The EnumItems property is a collection of ContextItemEnumItem objects. This is how we encode the enumerated values for a ContextItemDefinition of ValueType "Enum". The ContextItemEnumItem contains some of the same properties that ContextItemDefinition does. Instead of having a Code property, it has a Value. This Value is expected to be unique within the domain of the ContextItemDefinition it is attached to. When creating a ContextItem using an "Enum" type ContextItemDefinition, the ContextItem Value property corresponds to the Value property of the selected ContextItemEnumItem.
The DefaultUOM property is an optional string describing the expected unit of measure. In an effort to foster the broadest appeal, UN Rec 20 codes will be the default vocabulary for expressing units of measure.
The AllowConversion property is an optional boolean value that is used in conjunction with the DefaultUOM. This serves as a flag to determine if the user can allow the value to be entered in a unit compatible with DefaultUOM, or are they required to use the default unit.
The TimeScopes property is an optional collection of TimeScope objects. This collection allows us to attach a variety of time-related attributes to the ContextItemDefinition. For example, a TimeScope could describe when its ContextItemDefinition was created, another when it was updated, and a third the date range it is valid for.
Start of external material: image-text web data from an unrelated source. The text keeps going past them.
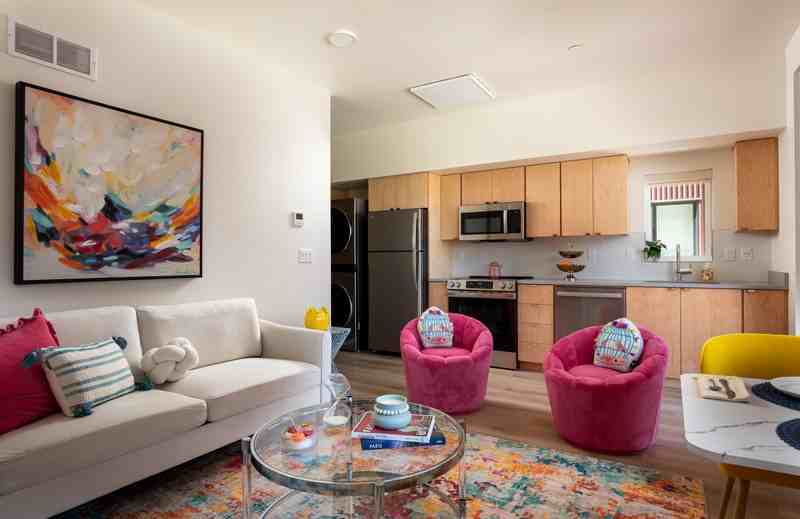 1260 Quincy Street #201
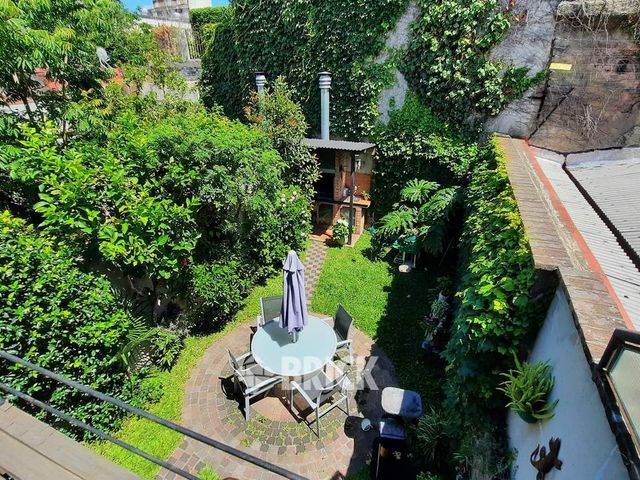 LAVALLEJA al 1000 Piso PB 37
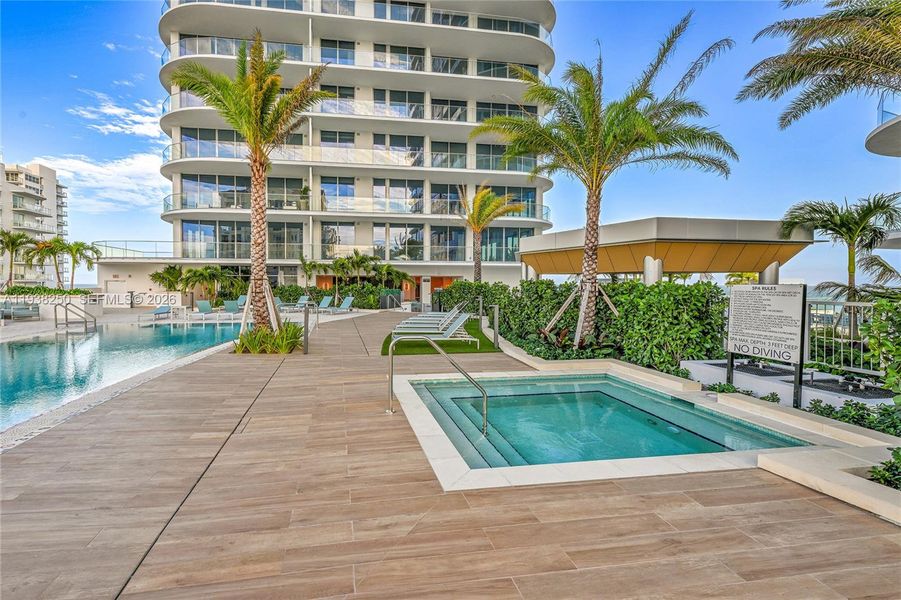 Condo located in Fort Lauderdale, FL showcasing its design and architecture (Image 5).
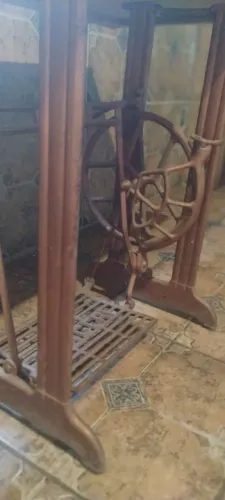 Mesa de ferro singer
The ModelScopeIds property is a collection of references to ModelScope objects. The ModelScope object represents a business object in either the ADAPT model or ISO11783 (potentially other models as well). For example, there is a ModelScope object for the ADAPT Farm class as well as a separate one for the ISO11783 Farm tag (FRM). This coded list of business objects forms the controlled vocabulary we use to specify which objects a given ContextItemDefinition can be used to describe. We have tried to reuse existing controlled vocabularies where ever we could; the language and geopolitical vocabularies we use both point to external sources. In this case; however, we were forced to create our own.
The GeoPoliticalContextIds property is a collection of references to GeoPoliticalContext objects. The GeoPoliticalContext object represents an entry in an external controlled vocabulary that describes a particular geographic/political domain or organization. This allows us to tag ContextItemDefinitions with a marker that conveys "where" the data it represents is relevant.